The American website Tasting Table is a steady source of intriguing wine and food ideas, but even they trumped themselves on a recent post about wine and cheese. Everyone things wine and cheese go together and seldom ask "which wine?" and "which cheese?" The right wine with the right cheese and you've got heaven on your table, but things can just as easily go awry.
Because of the order of a meal's progression, usually from white wines to red, and the positioning of a cheese course (when it's offered) -- at the end of the meal -- the common wisdom is that red wine goes with all cheese. In fact, I find I more often prefer white wine with cheese. Champagne with aged Gruyère? Perfection.
Come the holiday season, festive dinners are the order of the day, and what could be more welcome in the prelude to the meal, or the aftermath, than a cheese board? Picking a variety of cheeses is a good idea - contrasting flavors and styles make for a wonderful tasting experience. I once heard a cheesy play on an old wedding rhyme: Something Old (and aged cheese), Something New (a fresh, creamy cheese), Something Goat and Something Blue. In other words, variety matters.
For new, I usually avoid truly new cheeses on a board, like mozarella burrata, farm cheese and even feta, and go for something creamy and younger rather than new. This could be a soft-ripened cheese like a good brie or camembert (and make sure they are ripe - no one wants chalky cheese).
For older cheeses, we are thinking of harder cheeses, like aged manchego or aged cheddar (the best brands are English classics like Neal's Yard Dairy or Montgomery, or a proprietary cheddar-style cheese like the fabulous Lincolnshire Poacher). Cave-aged gruyère or an older Parmesan are always welcome additions to a cheese table and I've recently become a huge fan of the bright orange, very hard cheese mimolette with its nutty flavor. Some cheeses also seem to fit in between young and aged because they are good at several points in their development, like pungent offerings such as époisse and tallegio
Goat cheese? Ah, my favorite category and full of options. I often include two just because I like them so much - the pyramid-shaped Valançay from France is a flavorful choice that I balance out with a creamy, older Humboldt Fog from California. These are high acid cheeses that ask for a high acid wine, like the traditional pairing of Sancerre, a sauvignon blanc from the Loire Valley.

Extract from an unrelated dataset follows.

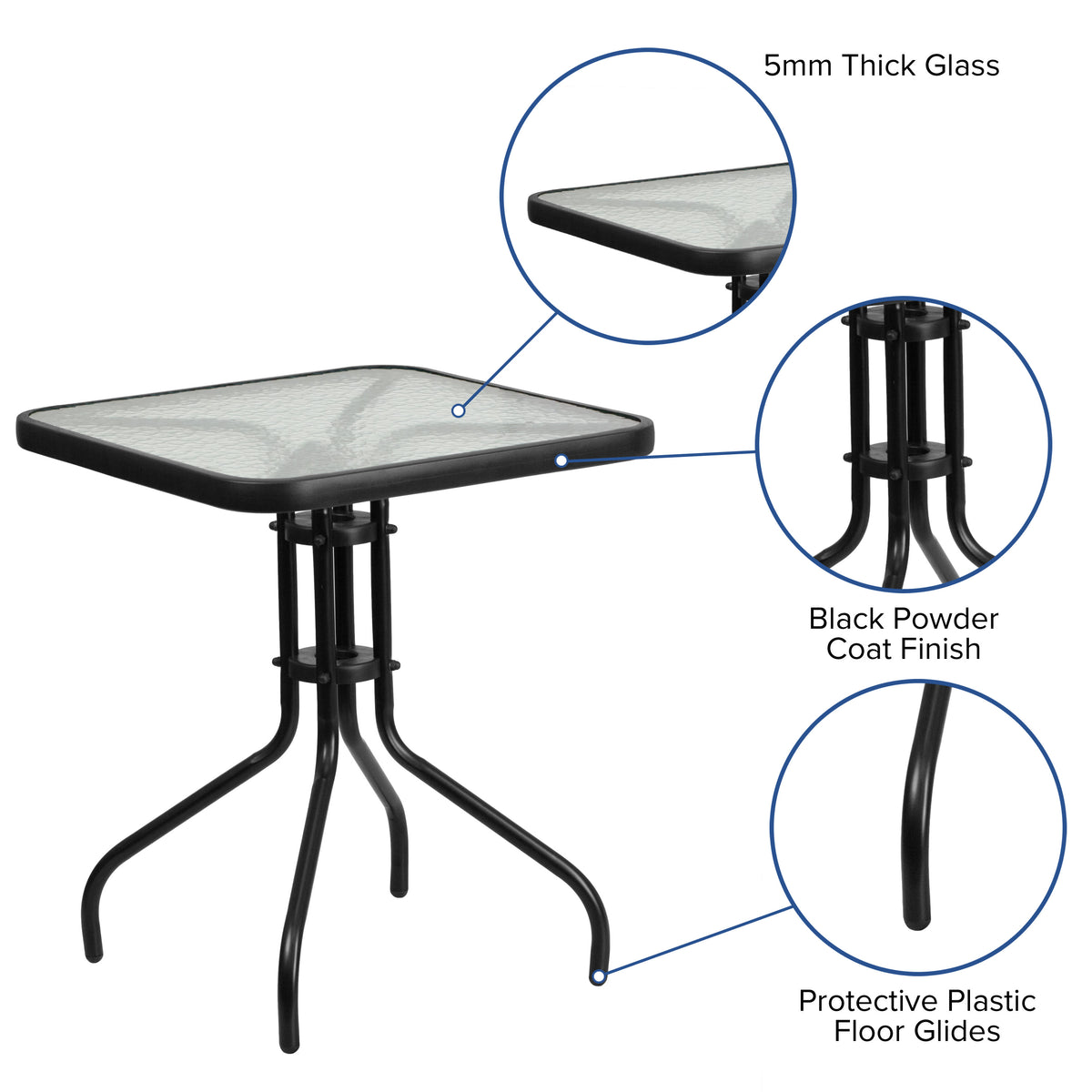 3 Piece Patio Dining Set - Glass Table, 2 Flex Stack Chairs - Image 3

And then, blue cheese. Many are salty, making them good options with wines with some tannic bite (salt moderates bitter flavors such as tannin) and most are strongly flavored, from slightly sweet gorgonzola to aged stilton.
But with all these cheeses, what wines do you feature? There are a number of guidelines one can offer - Umami plays a role, as does acidity - and it's easy to get confused. And here is where Tasting Table comes in. They created a map-style graphic that even men, infamous for refusing to ask directions and check a map while driving, will welcome as a reference.
Here it is:
Working from the center out, this is a guide, not an encyclopedia - it's a point of departure to give you some ideas. You'll still need to hone your cheese and wine craft, but this is a good starting point. There are more suggestions in Tasting Table's accompanying article that will take you quickly from the classic pairing of sauvignon blanc and goat cheese (and it's classic for a reason - it's a great match) to the adventuresome option of putting goat cheese with Alvarinho as I did recently on a wine trip to Portugal's Vinho Verde region, or with a substantial Spanish rosé.
And now, I've gotta run - this is making me hungry!